→ WHAT TO WORK ON: Transcribe all the entries word for word, but omit the images.

Captioned web images
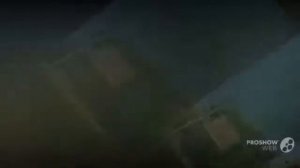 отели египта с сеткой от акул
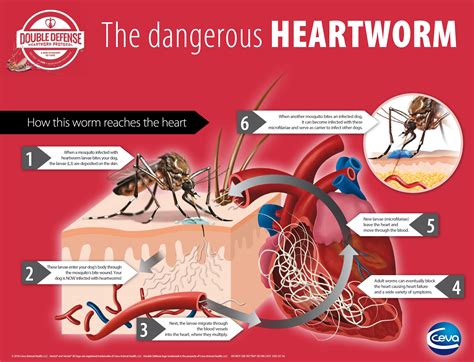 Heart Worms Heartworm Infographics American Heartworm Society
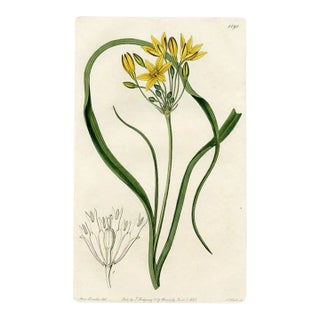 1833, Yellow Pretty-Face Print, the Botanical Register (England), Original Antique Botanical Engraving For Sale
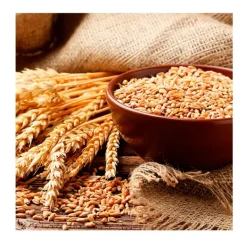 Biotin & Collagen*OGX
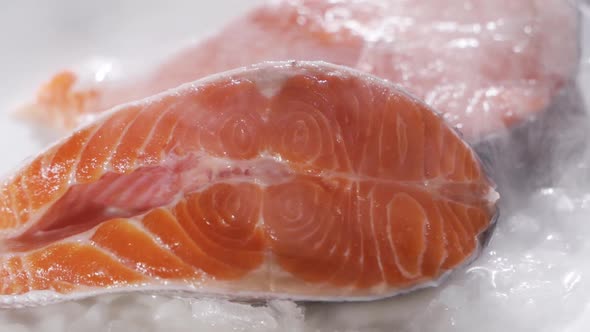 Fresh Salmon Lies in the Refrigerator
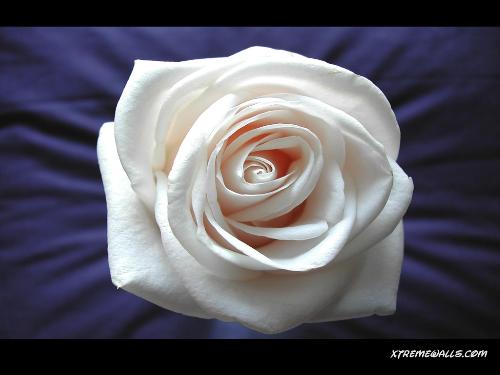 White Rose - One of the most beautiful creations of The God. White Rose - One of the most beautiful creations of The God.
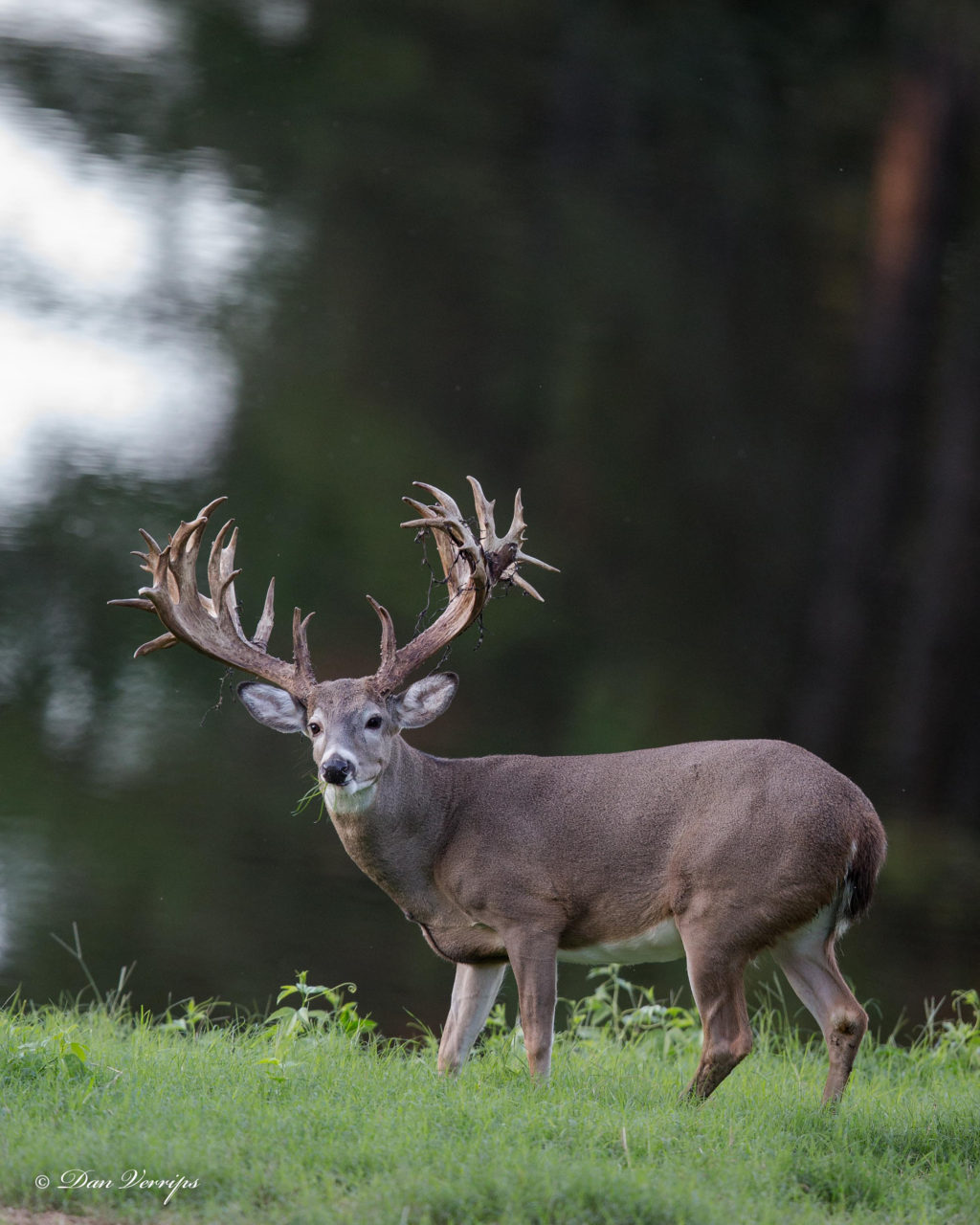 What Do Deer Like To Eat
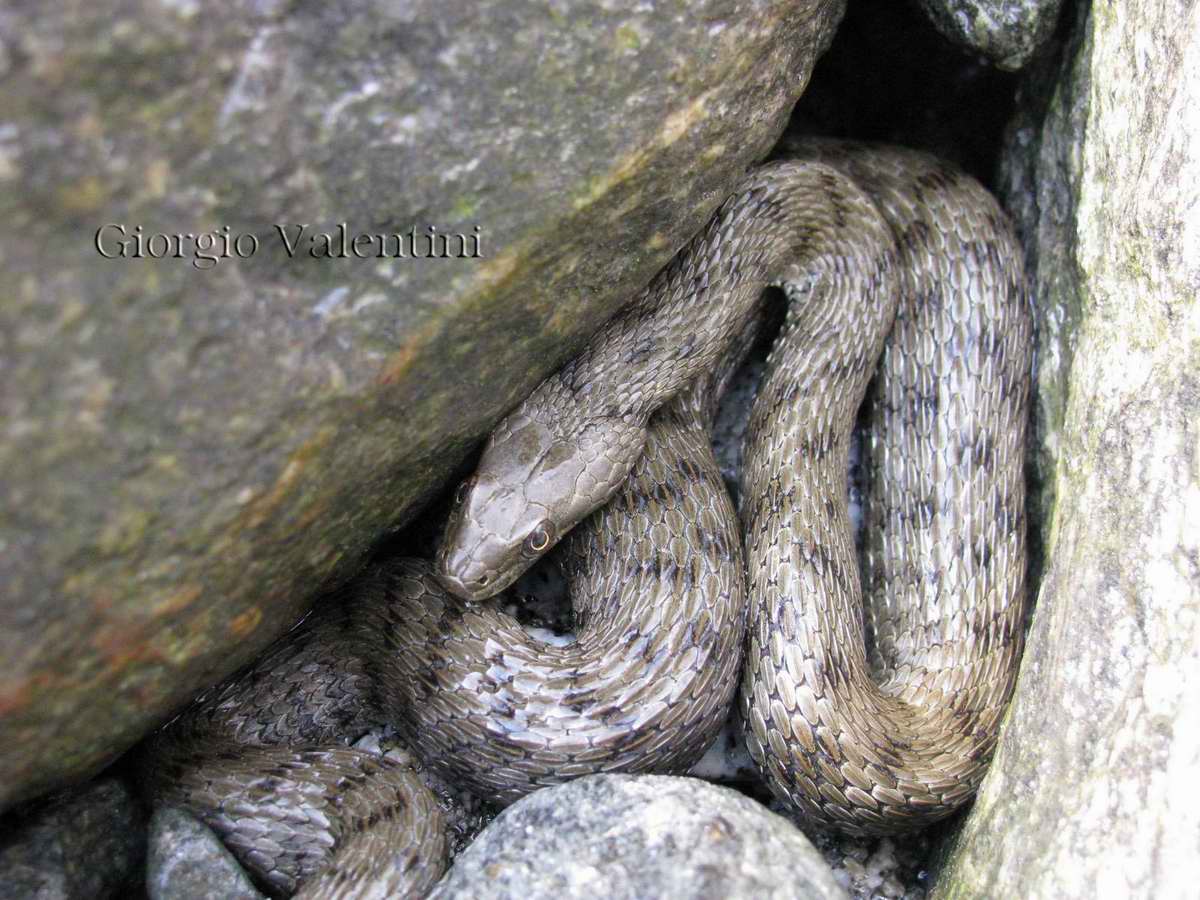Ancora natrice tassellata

→ EXERCISE SOLUTION:
 отели египта с сеткой от акул
 Heart Worms Heartworm Infographics American Heartworm Society
 1833, Yellow Pretty-Face Print, the Botanical Register (England), Original Antique Botanical Engraving For Sale
 Biotin & Collagen*OGX
 Fresh Salmon Lies in the Refrigerator
 White Rose - One of the most beautiful creations of The God. White Rose - One of the most beautiful creations of The God.
 What Do Deer Like To Eat
Ancora natrice tassellata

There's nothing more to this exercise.